People did that for the AMIGA not that particular thing, but just an AMIGA on a chip.

 

[trag]

Well, someone please put this theory to practical use and bring us a SE/30 grayscale video setup for under $100. :b&w:

Hmmm. Not terribly likely. Not because of the design obstacle, although that is certainly holding everyone back, but the economics of such a project make the under $100 part fairly unlikely.

Let's assume a run of 200 units, which is enough to get the low-hanging economies of scale and still be within the realm of possible sales volume. Also, this card will do an external color monitor as well as an internal gray scale modification, because, really, it adds next to nothing to the cost and complexity.
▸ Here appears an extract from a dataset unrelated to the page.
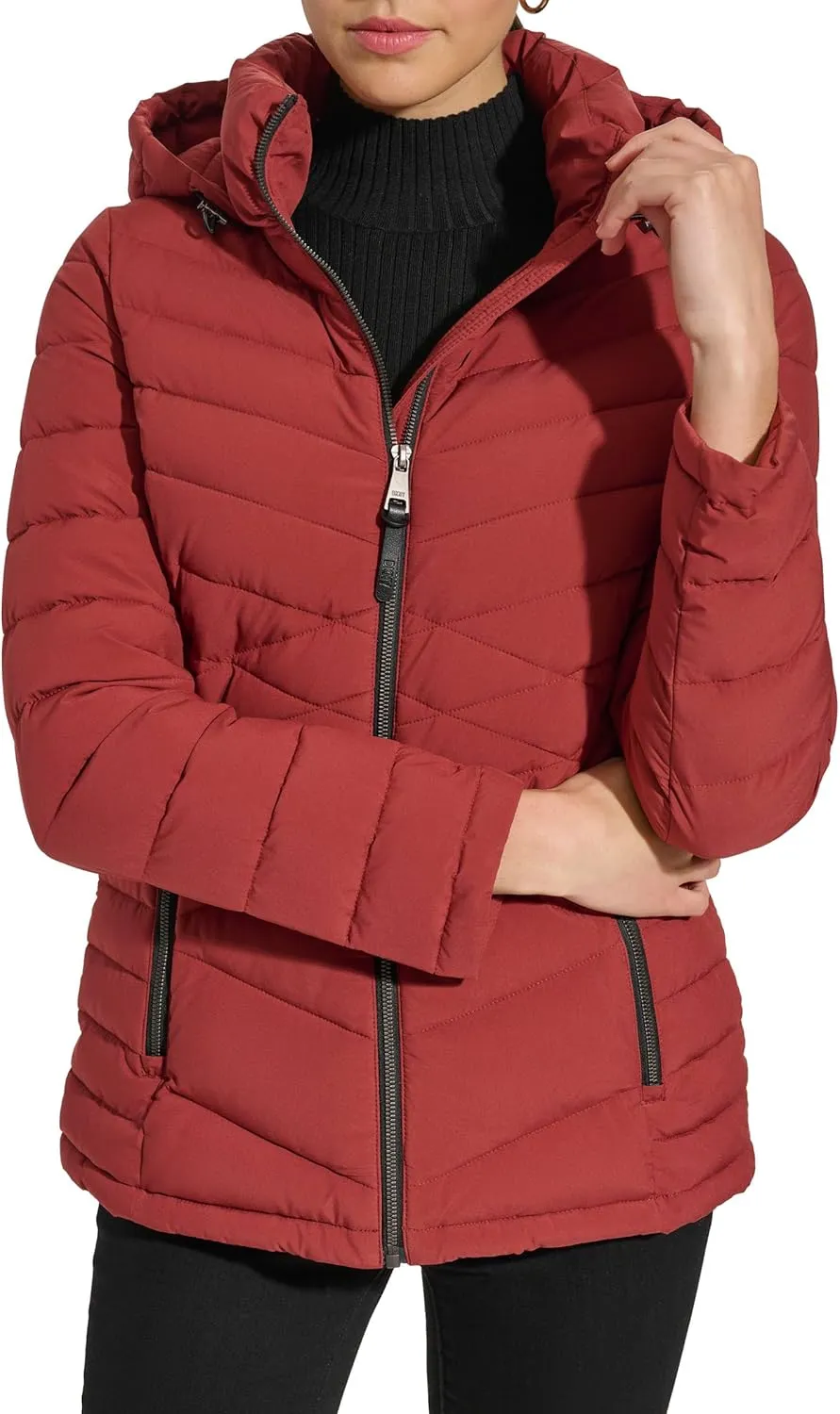 DKNY Womens Hooded Light-Weight Puffer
If it can be done in a 4-layer circuit board, then the PC boards will cost about $20 each. The FPGA will be $10 - $20 each. The 120 pin Euro-DIN connector will be $4 each. Some kind of Flash on board (for the firmware) is $1. The memory will be...really hard to predict. There are a lot of choices and the market keeps changing. Let's call it $5. The D to A converters will add another $6 - $12 and then the handful of other components adds another $10. That's (taking midpoint costs) $63 just in materials and may be a low estimate (or high if the builder lucks into cheap lots on Ebay). So up front, the maker would be investing $12,600, which he or she will want back.

Oh, but that's just for the frame buffer video card. You still need the gray-scale adapter yoke board. I have no idea what those cost to produce because I do not know the cost of that connector for the rear of the CRT. I would guess in the neighborhood of $20 in materials. And we haven't allocated anything for wiring harnesses which could add another $10 easy but possibly $20. Those molex connectors really add up. And have you ever priced wire?!? It's shockingly expensive.
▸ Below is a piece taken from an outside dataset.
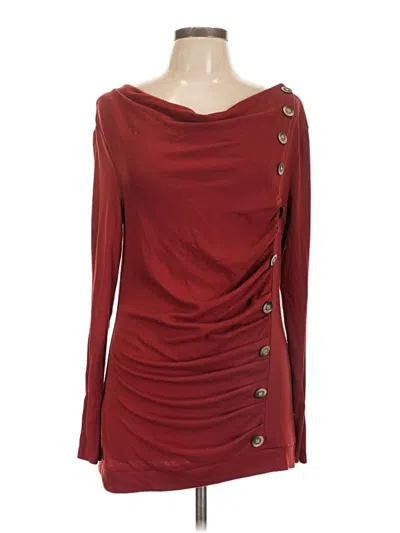 Pre-owned Allegra K Long Sleeve Top Burgundy One Shoulder Neckline Tops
So, you're looking at $18,600 up front with a material cost of $93 per setup.

Now you could cut that initial investment by paying a lot more for each setup. The circuit boards can be had for $55 each in small quantites (like 4 at a time). So now the total material costs might be something more like $150 per board, but the initial investment could be closer to $500 - $1000 for materials, prototypes, etc.

Now, if you have $18,600 sunk into 200 of something up front, which you must sell for at least $100 each in order to cover your costs, but you're not certain that there are even 100 people who will want one, how do you price it?

Or do you make the $150 version a few at a time? If so, how do you price them?

This example pretty well illustrates the frustrating economics of all these projects.

Even my IIfx 16MB SIMM project would have been uneconomical if I had not found incredibly cheap 72 pin SIMMs from which I could steal the memory chips and had a $500 off coupon at 4pcb.com. If I had had to buy the memory chips loose I could not have afforded to make them and noone would have been able to afford to buy them.

And even then, I had to design a special board which could run off of 16M X 4 chips because SIMMs with 16M X 1 chips are relatively rare and expensive.

And that solution meant hours of extra effort recovering and cleaning the memory chips. That was okay while I was unemployed, because I had the time. Now that I'm happily slinging electrons again, it wouldn't be practicle to make that time for money trade.